Honestly, I get that you don't want to be on the house if you're not married. Anecdote time! I have an acquaintance that was engaged and bought a house with her FI. She found out he was cheating and she left the house. He changed the locks and lived in the house, refused to pay the mortgage and basically trashed her credit. She got a lawyer and there wasn't much she could do in court. They (not sure if it was the lawyers or a judge) said that had she been divorcing, the house would be handled in the divorce but as it stands the option she had was to refinance. This was at the height of the housing crisis and they couldn't get the bank to refinance. I never heard what happened in the end, I haven't seen her since but it sounded like a nightmare.
I did purchase a house before DH and I were married. We kept it in my name only but we did look together and we decided on the house together. We were pretty much on the same page so it didn't come to this. He renovated the bathroom and did maintenance and work on the house. No equity though, it's under water and I'm now trying to short sell it. I'm glad it was only in my name because it's not great for my credit but his credit is still ok as far as I know and we hope to buy a house in the next few years.
Before I read additional posts, I was like..hmmmm. But in this "situation", it's his house..his decision.
People sometimes buy homes together or apart before marriage or without any plan of marriage at all. My mom and her BF have one home together (and other ones separately owned) and they will never get married. They made decisions on joint purchase together. 2 people buying= different.
Well if neither of you is really interested in commitment (note: I do not think marriage is the only way to demonstrate commitment), I can see why he doesn't give a crap about your opinions on something to which he alone is committing himself. He's still being weird and rude and a poor communicator, but I revise my initial assessment and say only moderately justified.
Unless he is planning to buy a studio apartment and furnish it with a twin bed, mini fridge, and a sign on the door that says, "No Girls Allowed." I don't see why you care what he buys with his doesn't believe in marrying you money.

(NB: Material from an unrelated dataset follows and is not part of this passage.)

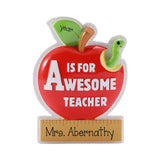 A red apple-shaped teacher gift magnet or plaque with a glittery white border. The apple features a green leaf with the word 'year' written on it, a green cartoon worm in a yellow mouth, and the text 'IS FOR AWESOME TEACHER' in white.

My XH bought a house while we were still dating (I was in college). Even though we weren't living together at the time, and didn't for approximately three years after, he took some of my opinion into consideration when purchasing. But I didn't find houses myself and send them to him -- I just went with him and viewed the houses and gave my opinions.
Long story short, I bought new appliances for the house and paid for central air and a new furnace to be installed. We got divorced 9 months after getting married and I took all the appliances with me. I had to leave with the knowledge that I had significantly increased the value of his home with A/C and a brand new furnace. Fucker. Cool story, bro.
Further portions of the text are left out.